The Sonoma Valley is home to some of the most active veterans in the North Bay, and thanks to a move last month by the Sonoma County Board of Supervisors, they’re mobilized and ready to defend their territory – the Sonoma Veterans Memorial Hall.
Three Sonoma Valley veterans groups – Bear Flag Post 1943, the Veterans of Foreign Wars (VFW) and Jack London Post 489 of the American Legion – are among the most active in the county, helping make the Sonoma veterans building at 126 First St. W. the busiest of the seven owned by the county. But local veterans are concerned a change in management over the building will lead to unnecessary disorder among the ranks.
At its meeting on June 23, the Board of Supervisors reviewed a plan to hand over management of leasing rooms in the veterans building to a third party. Currently, management of the Sonoma Veterans Memorial Hall is handled by General Services, the county’s buildings-and-operations department. But leaders among Sonoma’s veterans groups worry that handing the building-management keys to a private contractor could be like promoting a bumbling corporal to lead a well-oiled battalion.

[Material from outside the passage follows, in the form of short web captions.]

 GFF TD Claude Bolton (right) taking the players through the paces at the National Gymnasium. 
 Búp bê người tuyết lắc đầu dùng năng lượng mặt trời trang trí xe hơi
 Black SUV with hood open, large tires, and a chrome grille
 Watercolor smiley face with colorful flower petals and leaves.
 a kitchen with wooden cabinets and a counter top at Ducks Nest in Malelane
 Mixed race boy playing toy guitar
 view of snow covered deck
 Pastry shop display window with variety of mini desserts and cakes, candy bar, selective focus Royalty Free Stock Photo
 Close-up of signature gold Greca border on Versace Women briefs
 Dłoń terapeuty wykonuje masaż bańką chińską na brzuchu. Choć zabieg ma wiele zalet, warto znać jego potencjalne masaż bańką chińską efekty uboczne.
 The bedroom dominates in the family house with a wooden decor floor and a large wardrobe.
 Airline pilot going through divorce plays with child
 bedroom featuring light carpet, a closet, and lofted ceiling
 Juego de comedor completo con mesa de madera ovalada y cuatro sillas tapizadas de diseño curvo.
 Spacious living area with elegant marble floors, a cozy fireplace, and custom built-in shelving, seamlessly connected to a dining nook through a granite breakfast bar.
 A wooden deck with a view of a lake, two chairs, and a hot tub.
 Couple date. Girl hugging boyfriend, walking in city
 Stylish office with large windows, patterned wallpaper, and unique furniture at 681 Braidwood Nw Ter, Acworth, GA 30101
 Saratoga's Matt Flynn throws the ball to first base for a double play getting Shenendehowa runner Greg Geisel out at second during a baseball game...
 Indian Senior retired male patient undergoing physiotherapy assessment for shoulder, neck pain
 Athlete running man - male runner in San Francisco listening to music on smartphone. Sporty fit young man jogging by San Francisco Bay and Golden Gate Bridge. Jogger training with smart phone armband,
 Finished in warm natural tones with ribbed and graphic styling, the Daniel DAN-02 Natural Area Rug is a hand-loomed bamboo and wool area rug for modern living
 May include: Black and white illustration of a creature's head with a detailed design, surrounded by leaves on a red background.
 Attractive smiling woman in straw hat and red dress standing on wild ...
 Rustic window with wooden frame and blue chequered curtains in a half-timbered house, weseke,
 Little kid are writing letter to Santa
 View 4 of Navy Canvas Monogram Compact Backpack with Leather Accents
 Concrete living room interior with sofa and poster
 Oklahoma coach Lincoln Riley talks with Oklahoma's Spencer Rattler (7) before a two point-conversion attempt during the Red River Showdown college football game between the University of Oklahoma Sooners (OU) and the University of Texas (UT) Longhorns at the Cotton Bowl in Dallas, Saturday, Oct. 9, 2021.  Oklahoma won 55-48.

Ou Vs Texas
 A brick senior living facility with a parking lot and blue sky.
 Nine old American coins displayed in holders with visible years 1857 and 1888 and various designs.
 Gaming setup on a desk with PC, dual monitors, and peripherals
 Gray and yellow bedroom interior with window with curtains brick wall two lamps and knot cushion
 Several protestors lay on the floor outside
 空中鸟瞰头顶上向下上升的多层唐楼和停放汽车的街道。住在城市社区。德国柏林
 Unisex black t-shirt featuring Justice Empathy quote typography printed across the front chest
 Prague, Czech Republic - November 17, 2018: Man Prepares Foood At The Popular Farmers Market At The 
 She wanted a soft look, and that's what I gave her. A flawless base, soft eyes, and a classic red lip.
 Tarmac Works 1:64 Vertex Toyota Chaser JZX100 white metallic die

A small squad of veterans – two from Santa Rosa, three from Sonoma and one supporter from Ukiah – attended the June 23 meeting, military hats on their heads, to hear out the supervisors and listen to the proposition, which the board approved unanimously.
But some Sonoma veterans remain dubious.
“I don’t trust politicians unless they’re my neighbors and they’re discussing the neighborhood,” said Robert Piazza, Vietnam veteran and judge-advocate for the Valley’s VFW post, who’s acting as legal counsel for Sonoma VFW and the American Legion. “So I don’t trust third parties that don’t care about the veterans.”
But county General Services director Tawny Tesconi said that opening a competitive bidding process to determine who will manage the building on behalf of the county shouldn’t be cause for alarm. “There are several private and public organizations interested in this management,” Tesconi said. “General Services still has jurisdiction over the managers. We will know about everything they do.”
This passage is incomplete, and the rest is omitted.